Young infants are learning to use their hands and eyes together to reach for objects that interest them. You can offer your baby many opportunities to bat at and grasp objects that hang above her on an activity mat or on a bar above her infant carrier. She will learn about cause and effect as she kicks at a toy that makes a noise and discovers that she created that sound. She will practice reaching and stretching to get to the toys she wants. Change out the objects that you hang from her activity mat to give her variety. Make sure that the toys you offer her are large enough that she will not choke if she puts them to her mouth.

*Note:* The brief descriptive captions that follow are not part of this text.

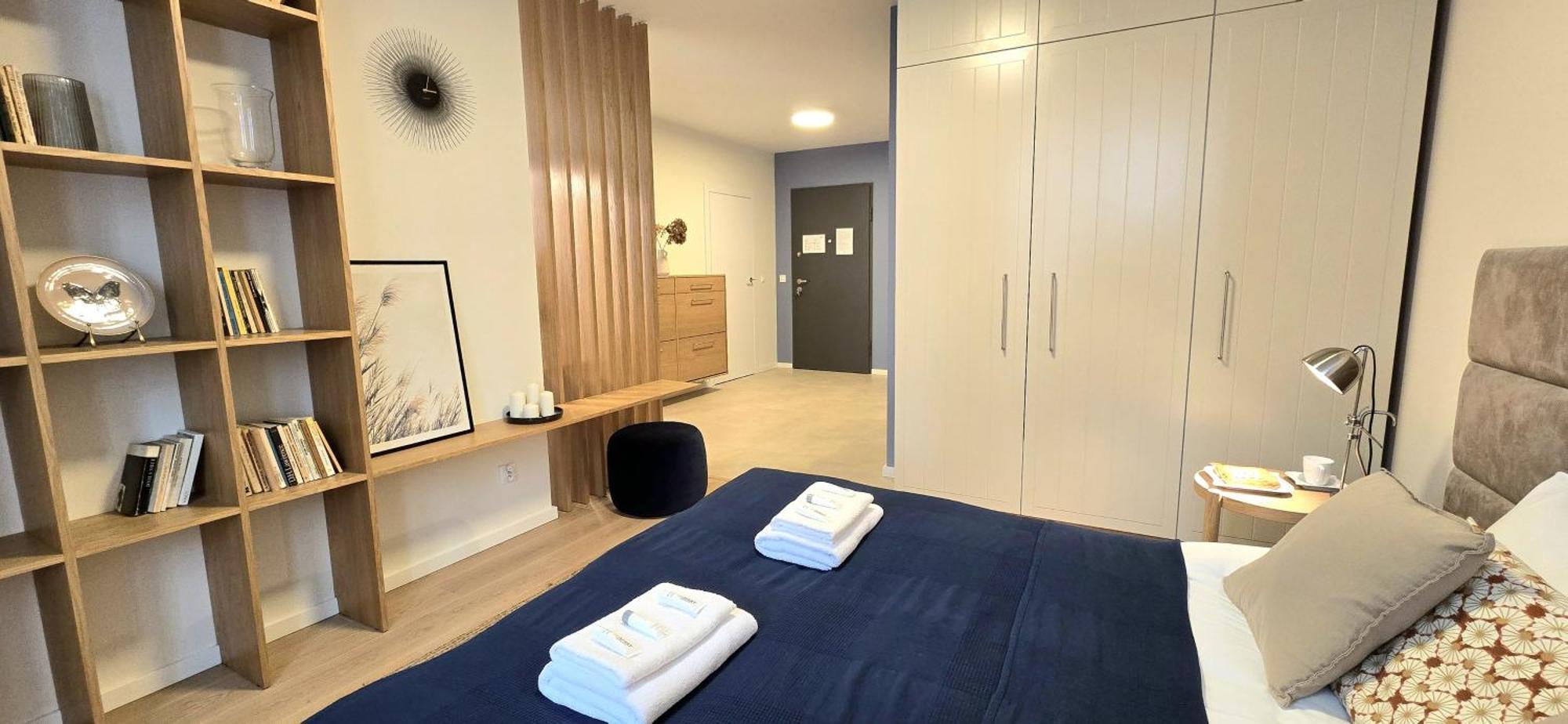 Apartament Wilcza Delux By Triapart Gdaňsk Exteriér fotografie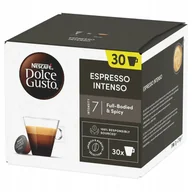 Kawa w kapsułkach i saszetkach - Kapsułki do Dolce Gusto Nescafé Espresso Intenso 30 szt Intensywność 9/10 - miniaturka - grafika 1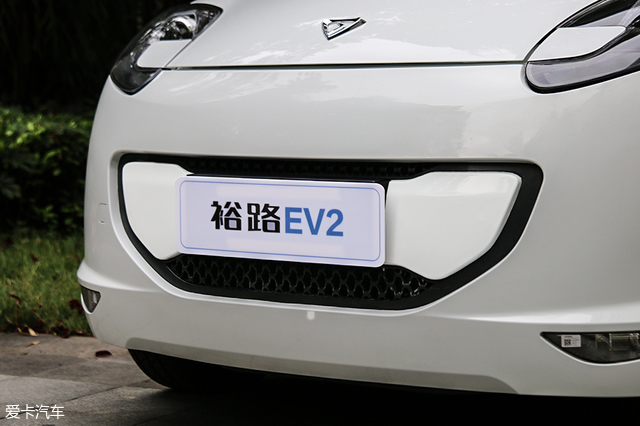 又一款5万元的小精灵来了 实拍裕路EV2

Shape sorters can be used with young babies who are sitting alone. He will enjoy dumping out the pieces and putting them back into the container, even if it is not through the shape cutouts at first. As he does this, you can talk about what color he is holding or what shape it is. As he gets closer to 1 year old, he will be ready to put some of the simple shapes like circles and squares through the sorter. He may need a hint from you at first, saying things like, "You have a circle! It goes right here." Once your baby has become a toddler he will be ready to try out some simple inset puzzles with few pieces and large knobs. They will help your toddler learn about matching when there are identical pictures underneath the cutout pieces of the puzzle.
Blocks are a simple toy, but they are something every baby should have. As an infant, she will enjoy picking them up and exploring them and beginning to bang them together before she turns 1. She can develop the concept of cause and effect and a sense of gravity by knocking down a tower you have built for her and will want to repeat that game many times. As her fine motor skills develop as a toddler, she will begin to stack the blocks herself. This can be a great opportunity to practice counting as she makes a vertical tower or a lines them up horizontally. 3-year-olds can also begin to sort the blocks by color or make simple patterns as they build.
Toddlers enjoy imitating adult actions, so they will begin to copy some of the things they see you doing around your house, like sweeping the floor or talking on the phone. Give him pretend versions of many household items, like play food and dishes, a toy workbench with tools, or a miniature shopping cart. When you pretend with him, he will be learning about abstract concepts like representational thinking -- that cup doesn't actually have tea in it, but we use it to represent a drink. He will also develop language skills as you discuss what he is doing and act out scenarios.
Books are one of the most important materials that children can have around them from birth. When your baby is a young infant, you can prop a book while she is on her tummy to encourage her to lift her head. She can listen to you read it aloud and hear the patterns of language. As she gets older, she will be able to handle the book herself and begin to learn to turn the pages, building her fine motor skills. You can point to and name the pictures in the book to help her develop new vocabulary. As an older toddler, she will begin to pretend to read familiar books by memorizing the words and reciting them or talking about what she sees in the pictures, which are essential pre-reading skills.